TASK GOAL -
Wherever pictures appear in the listing below, leave them out, and copy exactly, and only, everything from the line with "Abundant kitchen utensils" down to the line with "Studio Apartments Yucca, 2-Min".

PROVIDED DATA -
****************

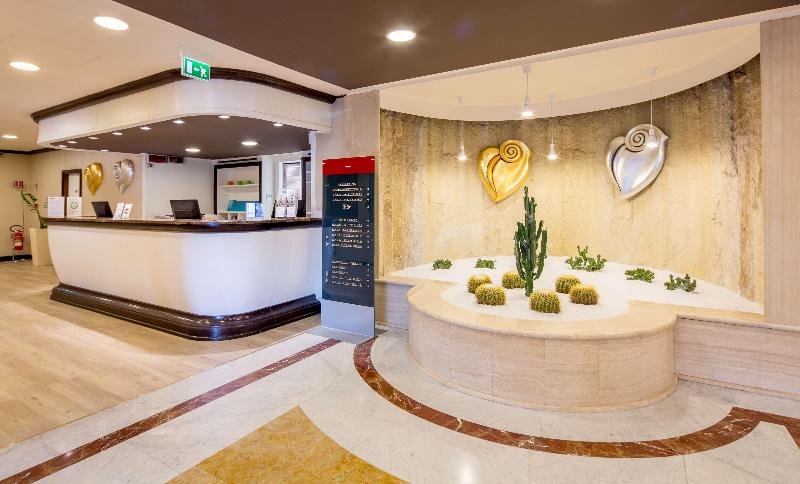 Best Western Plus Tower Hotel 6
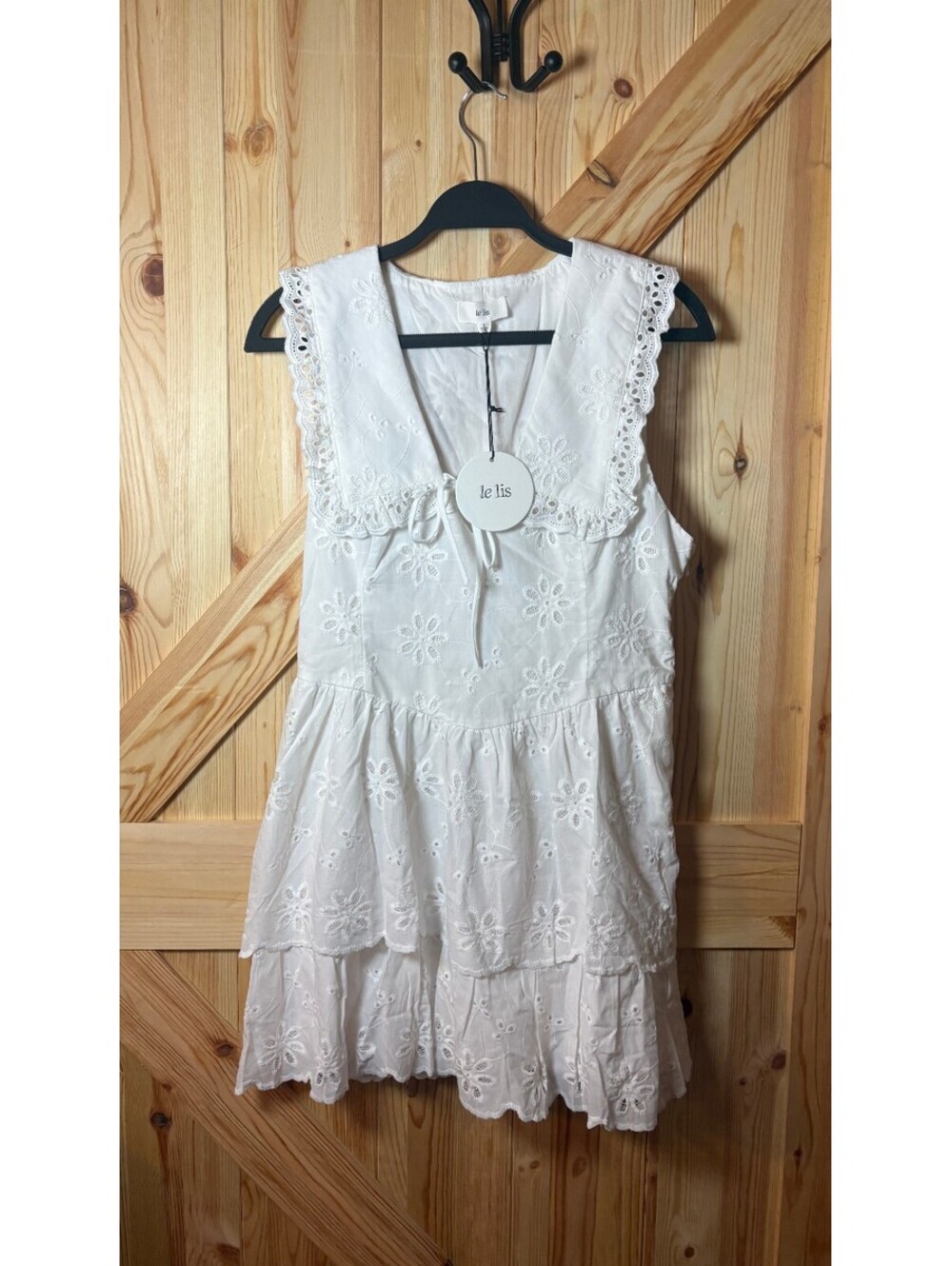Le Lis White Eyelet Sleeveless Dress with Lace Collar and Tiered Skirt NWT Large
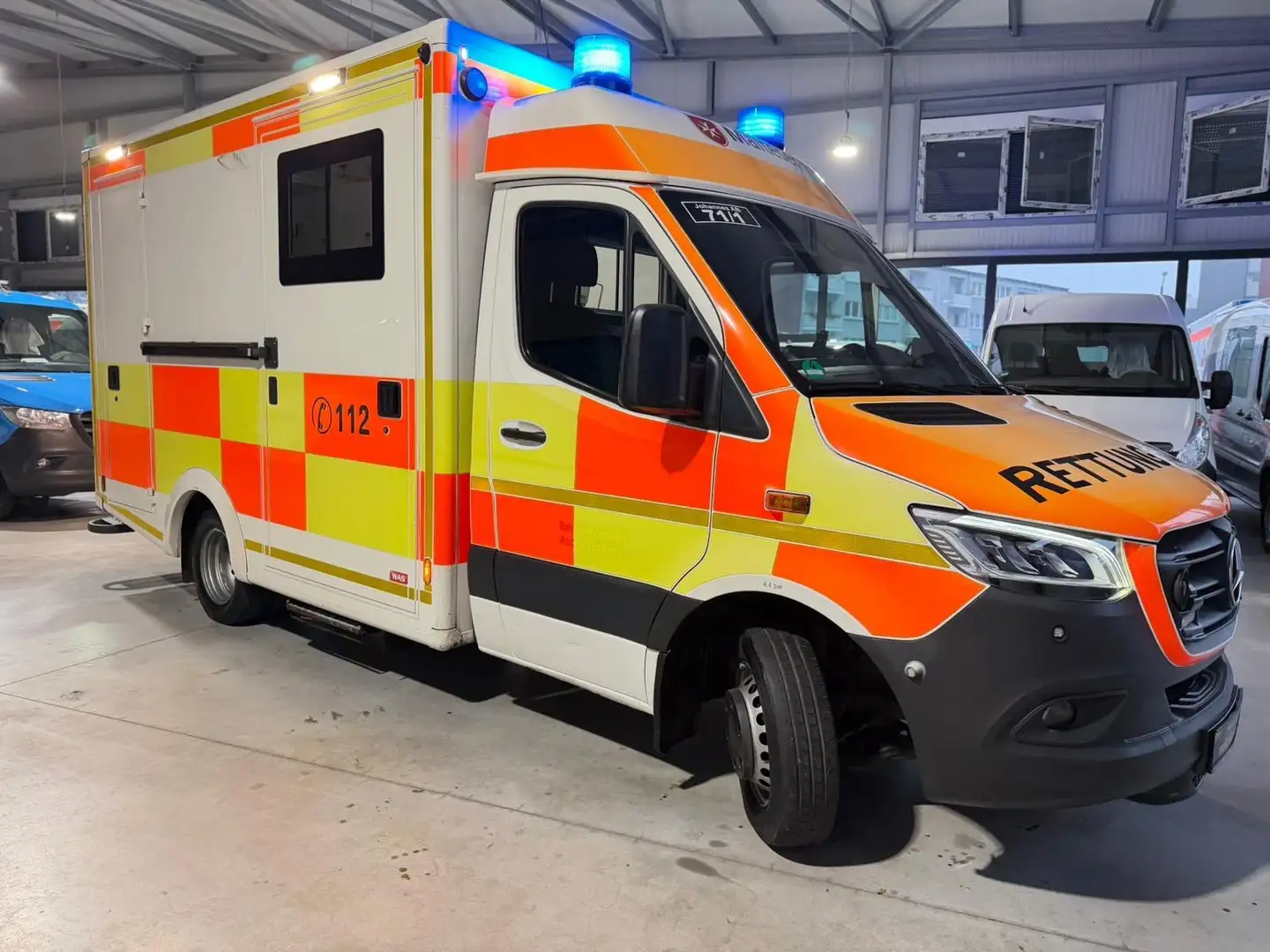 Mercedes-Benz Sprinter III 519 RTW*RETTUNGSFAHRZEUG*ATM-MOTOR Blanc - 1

****************

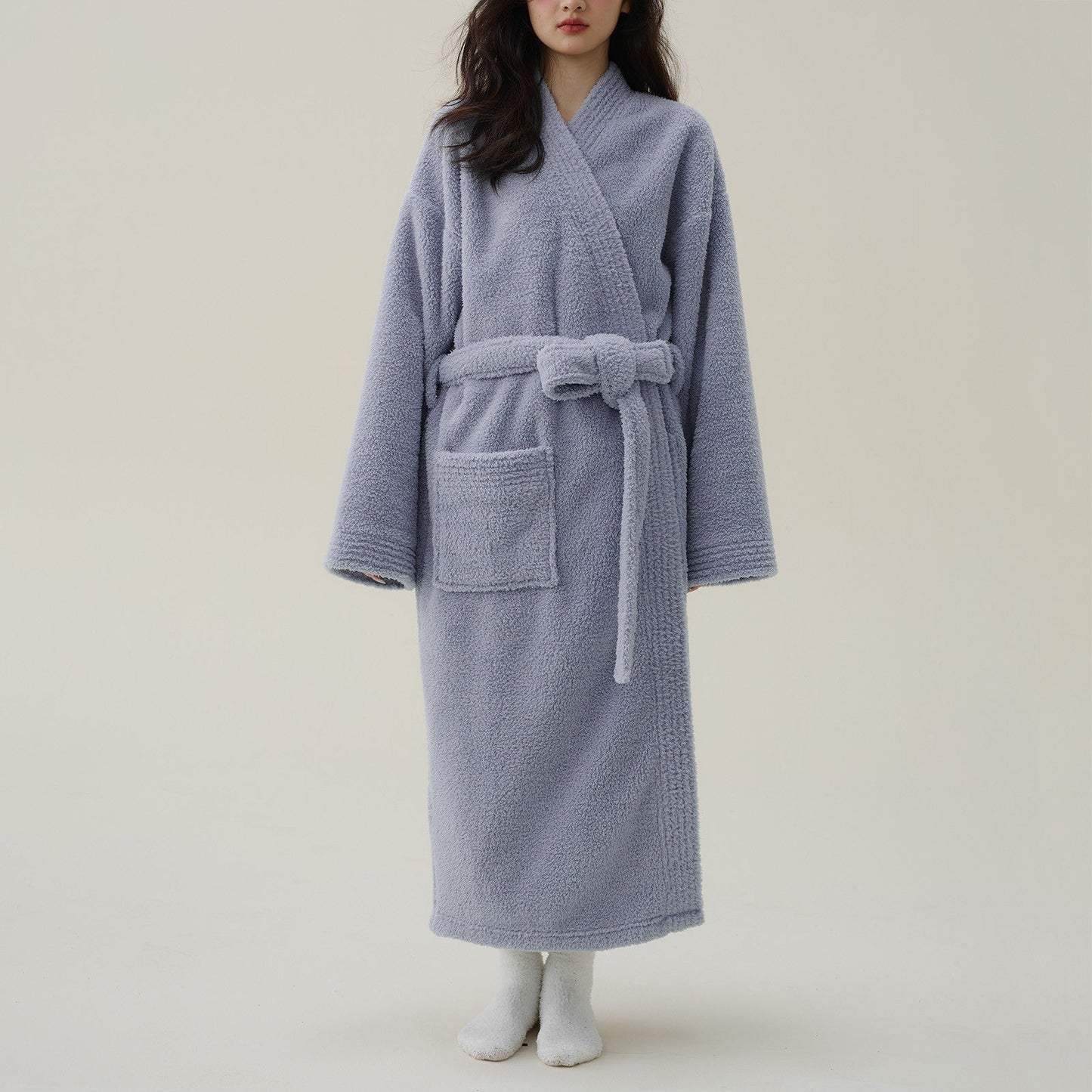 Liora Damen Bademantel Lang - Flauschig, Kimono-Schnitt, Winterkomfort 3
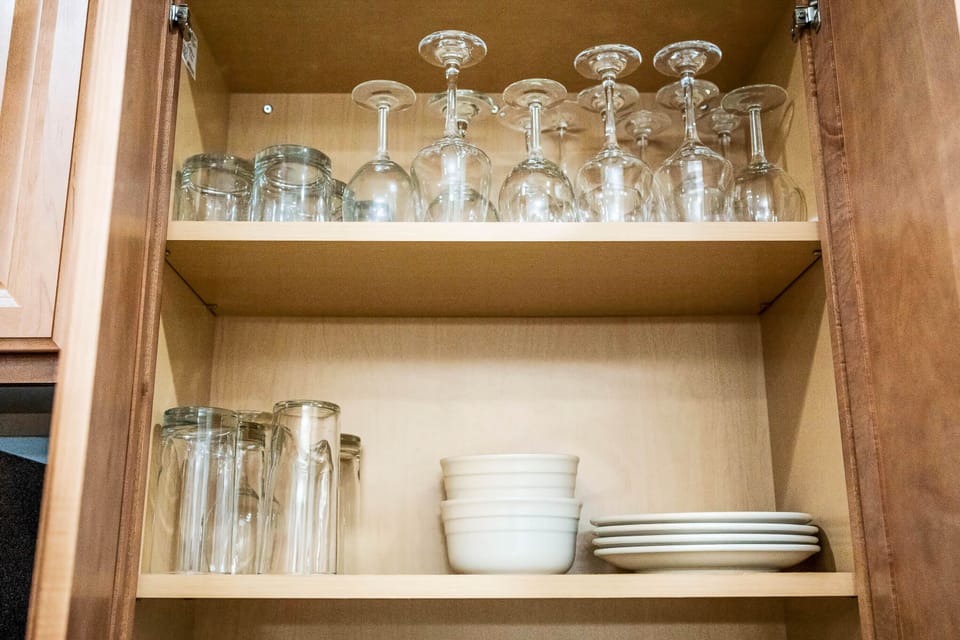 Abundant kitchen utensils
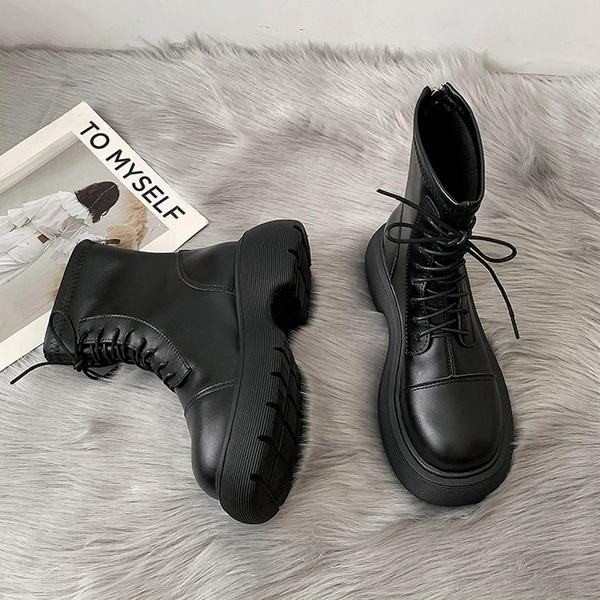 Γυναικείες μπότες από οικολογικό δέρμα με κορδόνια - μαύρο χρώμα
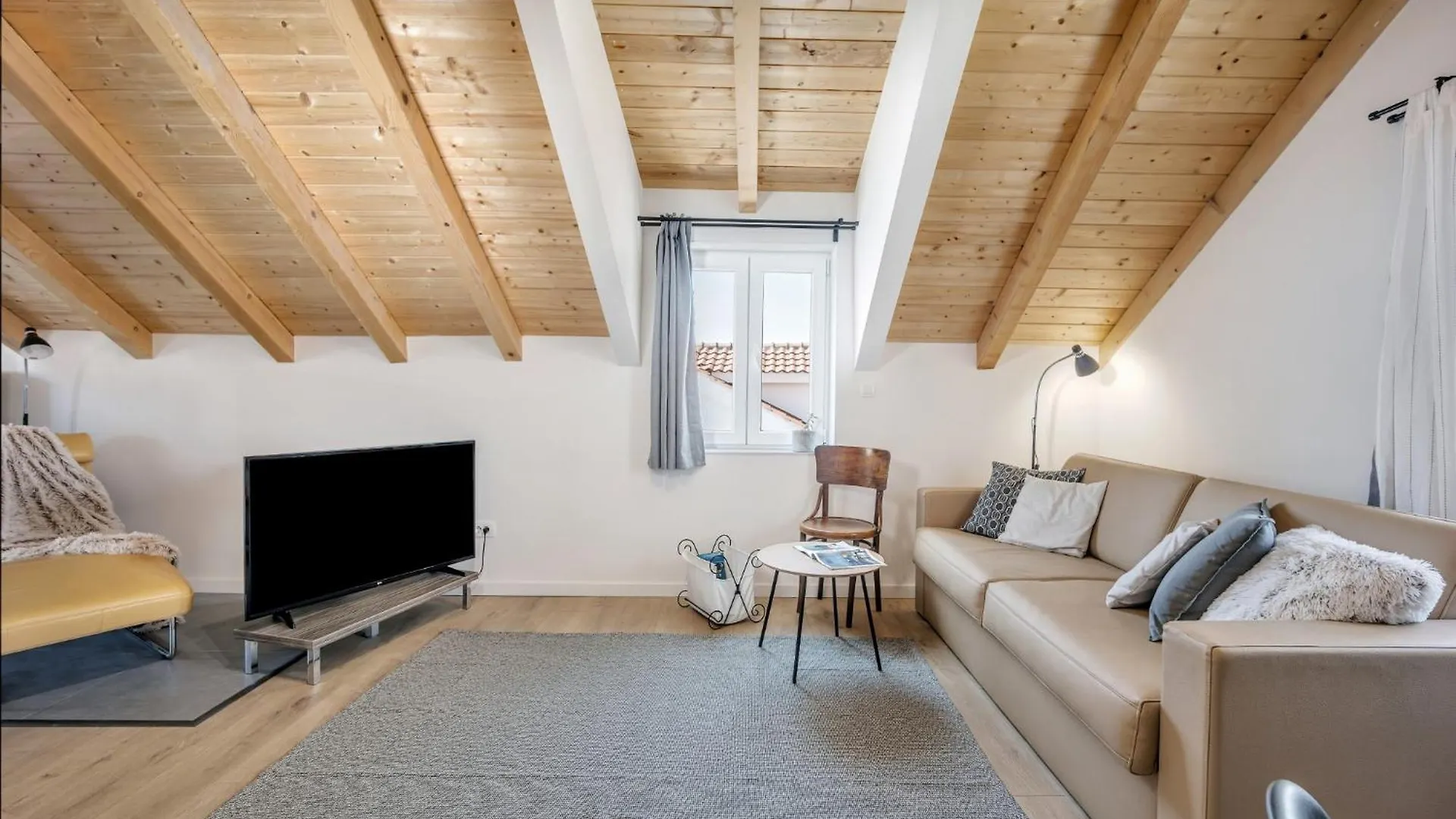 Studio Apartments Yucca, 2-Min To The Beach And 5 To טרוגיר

****************

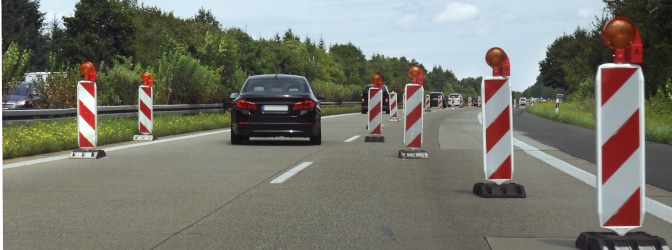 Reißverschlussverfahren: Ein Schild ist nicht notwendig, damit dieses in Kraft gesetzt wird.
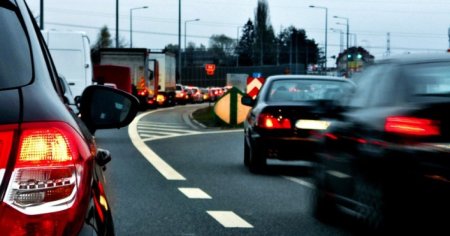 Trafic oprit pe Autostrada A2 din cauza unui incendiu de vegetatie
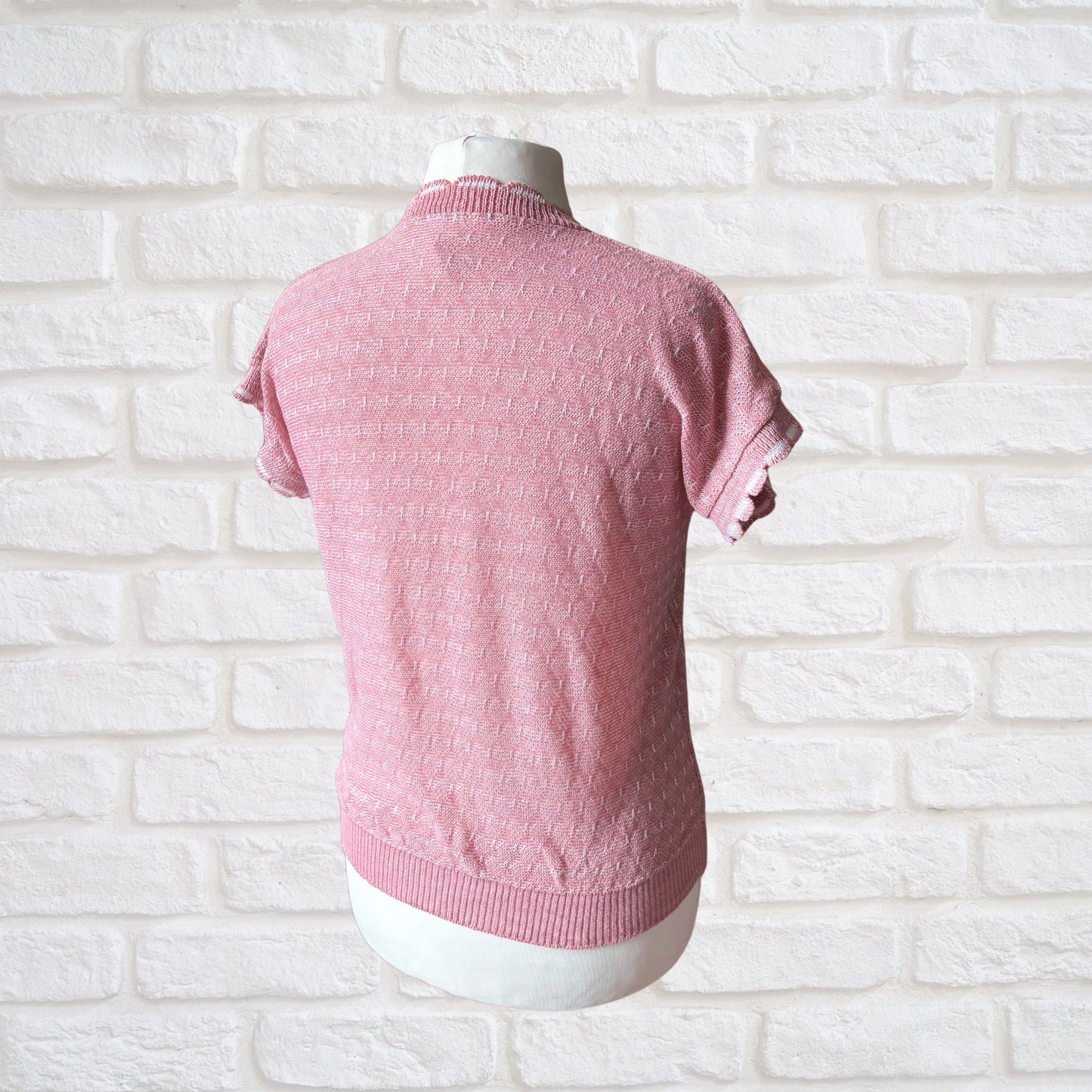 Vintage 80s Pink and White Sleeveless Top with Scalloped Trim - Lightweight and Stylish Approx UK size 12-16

****************

EXPECTED ANSWER -
 Abundant kitchen utensils
 Γυναικείες μπότες από οικολογικό δέρμα με κορδόνια - μαύρο χρώμα
 Studio Apartments Yucca, 2-Min To The Beach And 5 To טרוגיר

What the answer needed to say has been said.